In an article published on January 6th by The Lens, Nick Chrastil writes,
(click this link to go to The Lens’ website to read the full article: https://bit.ly/3n65gUb)

“The 2018 suit, originally filed by the Roderick and Solange MacArthur Justice Center and Disability Rights Louisiana (formerly known as The Advocacy Center), claimed that prison officials do not properly screen, diagnose or treat mental illness for prisoners held in solitary confinement — also referred to as “extended lockdown” or “restrictive housing” — where they are held in their cell for 23 hours a day and rarely allowed social interaction.”

“These extreme conditions create mental illness, and exacerbate pre-existing mental illness, causing psychotic decompensation and propensity for acts of self- harm,” the complaint alleged. “Some people hear voices, or talk and scream to themselves. Some engage in cutting themselves and attempting suicide to escape the extreme conditions. Two men have sliced open their testicles and one attempted to cut off his ear. Another man climbed a barbed-wire fence and attempted suicide by diving off headfirst. Others bang their heads against the walls.”

“The conditions and lack of treatment for prisoners with mental illness at the facility violates their constitutional right to be free from cruel and unusual punishment, along with the Americans with Disabilities Act and the Rehabilitation Act, the suit argues. The case was granted class-action status in September of last year.”

“…The claims made in the lawsuit illustrate a pattern in which prisoners with mental illness are not properly diagnosed or treated, placed in solitary confinement where their conditions get worse, and then are punished through undue uses of force, more disciplinary write ups, and placed on suicide watch, causing further deterioration.”

“But lawyers with Attorney General Jeff Landry’s Office, representing the Louisiana Department of Corrections, say that those claims are significantly overstated. They argue that all prisoners being held in solitary confinement at David Wade “either have no serious mental illness or are in remission or are stable,” and that the treatment provided to them is constitutionally sufficient.”

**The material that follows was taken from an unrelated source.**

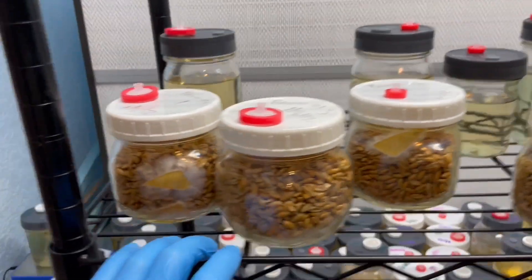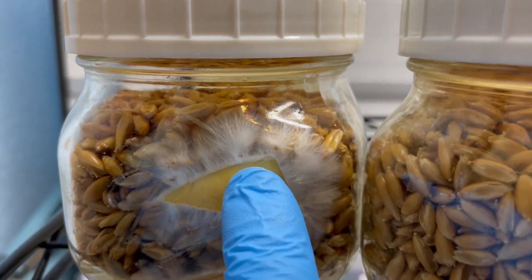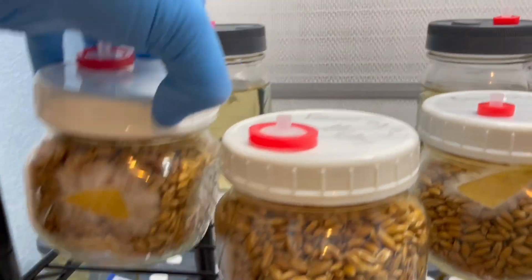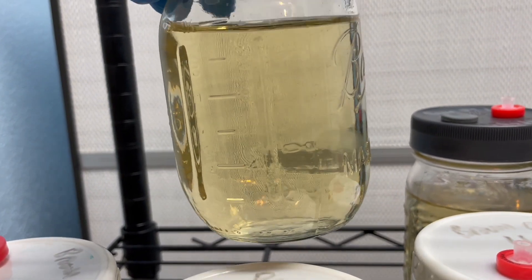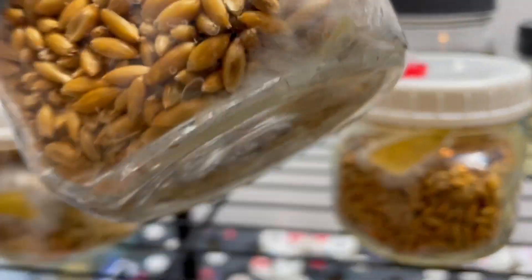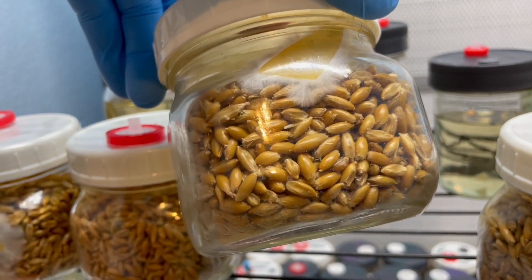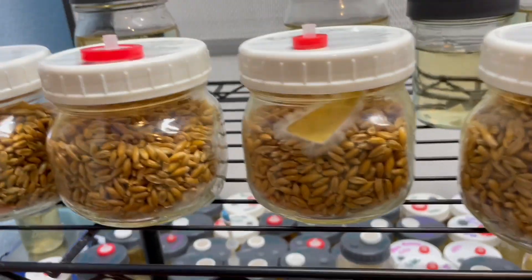Now let's move on to the brown oysters. This one looks really rigorous, vigorous and healthy — this is exactly what we're shooting for. That is brown oyster number one and we've got a nice liquid culture going there, very fast growth. And you can see really nice mycelium.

“Conditions of solitary confinement at the facility gained the attention of criminal justice reform advocates and the media last summer, when a group of prisoners housed in restrictive housing at David Wade went on hunger strike in response to the conditions of their confinement. The prisoners had been transferred to David Wade — which the state uses as a kind of disciplinary camp — from Elayne Hunt Correctional Center and were kept there for months beyond their disciplinary sentences. While there, they were being held in solitary beyond the amount of time dictated by the department’s recently adopted disciplinary sanctions matrix.”

“…A lack of adequate treatment can lead prisoners in solitary confinement to deteriorate, causing them to act out or attempt to harm themselves due to their mental illness. In response to these mental health crises, the attorneys say, David Wade prisoners are frequently placed on suicide watch — even when there is no indication of suicidal ideation or threat of self-harm. While on suicide watch they are stripped of all their clothing and belongings aside from a paper gown, and confined to a concrete cell — sometimes without even a mattress. On extreme suicide watch, they are placed in restraints while in their cell.”

In addition to being inhumane and causing further mental health deterioration, the lawsuit alleges that the harsh conditions of suicide watch also deter prisoners from reporting when they are experiencing mental health emergencies.On top of this, the lawsuit alleges that prisoners are frequently subject to both physical and verbal abuse from staff.”

The trial, in front of U.S. District Judge Elizabeth Foote, is set to last four weeks.